Homophobic material nixed from Kennywood dive show

The park's stage show, "Pirates of Kenny Cove," included a segment which one local mother found homophobic.

| May 31, 2007

When Mary Hawk took her 5-year-old son to Kennywood earlier this month, she expected to be shaken up. She just thought it would happen on a roller coaster, not during the stage show.

She was watching a production called "Pirates of Kenny Cove" on Fri., May 11, a show that included material Hawk felt was homophobic.

One scene depicts a crew member in need of CPR, but all members on the pirate ship are reluctant to perform the procedure. Finally, a crew member with a limp wrist and a lisp comes on the scene and proclaims, "I'll do it, sweetie." His actions are quickly reprimanded by the master of ceremonies, who says, "We'll have none of that here," and the play continues.

Hawk was disturbed.

"As a parent I look to talk to my children about diversity, but they still pick up from the general public that being gay is not all right," she said. "You think you can parent them out of social stigmas, but experiences like this challenge the values I'm trying to impress on them."

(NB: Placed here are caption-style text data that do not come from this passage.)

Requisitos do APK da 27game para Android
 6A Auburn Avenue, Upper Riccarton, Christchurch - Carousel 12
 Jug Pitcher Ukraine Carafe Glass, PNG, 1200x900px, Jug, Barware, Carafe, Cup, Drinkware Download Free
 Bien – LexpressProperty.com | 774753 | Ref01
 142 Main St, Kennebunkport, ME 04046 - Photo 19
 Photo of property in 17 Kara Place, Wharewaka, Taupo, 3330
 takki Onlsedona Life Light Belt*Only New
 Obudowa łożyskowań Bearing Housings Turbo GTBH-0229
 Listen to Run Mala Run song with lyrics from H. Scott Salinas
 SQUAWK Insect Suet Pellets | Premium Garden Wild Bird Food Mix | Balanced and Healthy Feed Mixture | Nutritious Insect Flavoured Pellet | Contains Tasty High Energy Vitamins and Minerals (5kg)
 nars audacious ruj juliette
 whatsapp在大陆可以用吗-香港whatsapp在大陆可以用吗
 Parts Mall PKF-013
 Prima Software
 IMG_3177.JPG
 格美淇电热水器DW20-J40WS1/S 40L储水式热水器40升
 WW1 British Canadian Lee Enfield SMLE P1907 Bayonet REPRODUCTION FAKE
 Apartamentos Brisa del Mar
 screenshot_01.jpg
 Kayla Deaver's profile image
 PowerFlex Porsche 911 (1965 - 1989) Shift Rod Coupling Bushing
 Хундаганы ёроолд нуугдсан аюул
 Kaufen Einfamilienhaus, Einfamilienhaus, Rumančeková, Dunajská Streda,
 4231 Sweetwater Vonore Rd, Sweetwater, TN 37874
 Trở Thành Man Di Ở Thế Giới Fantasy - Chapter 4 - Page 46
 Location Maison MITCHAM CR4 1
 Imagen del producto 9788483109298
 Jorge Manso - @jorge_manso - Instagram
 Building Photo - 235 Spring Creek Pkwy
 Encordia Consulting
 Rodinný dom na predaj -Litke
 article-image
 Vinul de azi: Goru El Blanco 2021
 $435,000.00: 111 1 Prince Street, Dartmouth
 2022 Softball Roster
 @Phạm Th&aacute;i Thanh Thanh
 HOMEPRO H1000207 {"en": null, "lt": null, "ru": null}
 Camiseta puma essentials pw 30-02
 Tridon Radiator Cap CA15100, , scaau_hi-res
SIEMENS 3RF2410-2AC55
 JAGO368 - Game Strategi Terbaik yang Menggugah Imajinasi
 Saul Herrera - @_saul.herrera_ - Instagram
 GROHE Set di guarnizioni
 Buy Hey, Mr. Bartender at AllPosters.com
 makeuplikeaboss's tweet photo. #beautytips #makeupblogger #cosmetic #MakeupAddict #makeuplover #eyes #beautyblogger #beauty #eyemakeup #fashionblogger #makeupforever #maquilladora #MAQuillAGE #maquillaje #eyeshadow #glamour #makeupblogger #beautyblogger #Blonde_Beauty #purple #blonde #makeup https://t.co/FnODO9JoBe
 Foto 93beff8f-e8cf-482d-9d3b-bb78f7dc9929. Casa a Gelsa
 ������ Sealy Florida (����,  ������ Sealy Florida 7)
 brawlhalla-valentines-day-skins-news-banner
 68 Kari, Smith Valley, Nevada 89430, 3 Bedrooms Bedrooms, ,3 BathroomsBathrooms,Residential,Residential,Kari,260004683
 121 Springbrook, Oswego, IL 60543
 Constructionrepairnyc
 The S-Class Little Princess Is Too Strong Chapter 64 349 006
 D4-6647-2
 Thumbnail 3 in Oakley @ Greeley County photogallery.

Hawk filed a complaint with Kennywood on May 14. She called again the following Wednesday and got a response two days later from Kennywood general manager Jerome Gibas.

"He told me that I was the only one who expressed concern over the content and that he didn't think it was offensive," she said. "At that time he told me they weren't going to remove the content."

She refused to give up, however. She e-mailed 25 friends and co-workers the same day Gibas called her. She asked them to pass around her story and to pressure Kennywood to remove the offensive dialogue.

Hawk's e-mail circulated so quickly, she says, that a friend later told her she received it from eight different people in a matter of hours.

"Lots of other people were doing the same thing I was, sending it out to their friends and coworkers and anyone who'd listen," Hawk says. "Many of my friends told me they'd contacted Kennywood -- gay and straight, old and young."

Gibas called Hawk 24 hours later and told her the content was removed.

"Ultimately, he did the right thing," she said. "The fact that it was removed so quickly shows the ability of people on both sides to get the right thing done."

Ehrrin Keenan was one of the friends who received Hawk's e-mail.

"It's this everyday homophobia that creates the environment that allows for discrimination and hate and violence to exist and go unchecked in our society," she said.

Mary Lou Rosemeyer, a spokeswoman for Kennywood, said the park received a "very, very low number of complaints." She remarked that more people called to complain that Kennywood was closed on Mother's Day.

"People's view of what is offensive is very different, and some people don't pick up on things others do," she said. "No one here was sensitive enough to pick up on it, but we responded and it was an easy thing to change."

Hawk and Keenan are happy that e-mail recipients responded so quickly.

"As Pittsburghers, we love Kennywood," Keenan said. "We have memories of it as a wonderful place, too. And, we just want them to be true to their mission of being a fun place for everyone."

Comments (34)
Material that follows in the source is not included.